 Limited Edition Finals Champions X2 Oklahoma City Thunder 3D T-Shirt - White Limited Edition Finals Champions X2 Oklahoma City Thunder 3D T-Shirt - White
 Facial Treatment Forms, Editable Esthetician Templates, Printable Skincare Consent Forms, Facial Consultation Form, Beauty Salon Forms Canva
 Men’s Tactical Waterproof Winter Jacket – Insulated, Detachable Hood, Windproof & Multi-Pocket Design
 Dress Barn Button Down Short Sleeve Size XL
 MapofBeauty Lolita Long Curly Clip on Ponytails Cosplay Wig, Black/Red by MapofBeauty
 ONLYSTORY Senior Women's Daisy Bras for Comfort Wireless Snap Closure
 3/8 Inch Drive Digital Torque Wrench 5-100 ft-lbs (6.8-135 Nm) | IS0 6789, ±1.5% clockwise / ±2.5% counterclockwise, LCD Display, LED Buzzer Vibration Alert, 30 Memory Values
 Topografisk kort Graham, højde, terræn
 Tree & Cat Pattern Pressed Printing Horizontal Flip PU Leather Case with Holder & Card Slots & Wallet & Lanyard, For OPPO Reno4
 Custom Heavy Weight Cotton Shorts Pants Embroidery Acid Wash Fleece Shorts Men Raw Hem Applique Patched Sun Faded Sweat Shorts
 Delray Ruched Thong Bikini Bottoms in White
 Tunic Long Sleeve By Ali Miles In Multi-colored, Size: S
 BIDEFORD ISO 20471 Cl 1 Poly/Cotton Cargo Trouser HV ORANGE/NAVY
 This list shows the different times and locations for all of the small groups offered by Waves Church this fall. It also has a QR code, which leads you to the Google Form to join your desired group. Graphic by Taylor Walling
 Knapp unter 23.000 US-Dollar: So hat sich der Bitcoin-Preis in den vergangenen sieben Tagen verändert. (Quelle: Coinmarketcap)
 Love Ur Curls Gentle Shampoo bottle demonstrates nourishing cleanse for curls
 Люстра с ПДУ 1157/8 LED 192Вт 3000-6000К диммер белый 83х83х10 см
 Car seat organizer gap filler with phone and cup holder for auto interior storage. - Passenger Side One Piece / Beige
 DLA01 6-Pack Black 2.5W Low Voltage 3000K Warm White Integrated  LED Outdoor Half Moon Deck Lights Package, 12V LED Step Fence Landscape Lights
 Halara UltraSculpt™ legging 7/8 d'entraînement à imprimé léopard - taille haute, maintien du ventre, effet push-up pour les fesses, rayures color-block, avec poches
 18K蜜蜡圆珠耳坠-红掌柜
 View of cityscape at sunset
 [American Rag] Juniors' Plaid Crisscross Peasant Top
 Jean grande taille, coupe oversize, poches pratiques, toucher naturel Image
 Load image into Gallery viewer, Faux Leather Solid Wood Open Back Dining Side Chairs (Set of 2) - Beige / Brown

=-=-=

Give back the records word for word. Start at the first line, end at the line containing "ONLYSTORY Senior Women's", and include both.

 Limited Edition Finals Champions X2 Oklahoma City Thunder 3D T-Shirt - White Limited Edition Finals Champions X2 Oklahoma City Thunder 3D T-Shirt - White
 Facial Treatment Forms, Editable Esthetician Templates, Printable Skincare Consent Forms, Facial Consultation Form, Beauty Salon Forms Canva
 Men’s Tactical Waterproof Winter Jacket – Insulated, Detachable Hood, Windproof & Multi-Pocket Design
 Dress Barn Button Down Short Sleeve Size XL
 MapofBeauty Lolita Long Curly Clip on Ponytails Cosplay Wig, Black/Red by MapofBeauty
 ONLYSTORY Senior Women's Daisy Bras for Comfort Wireless Snap Closure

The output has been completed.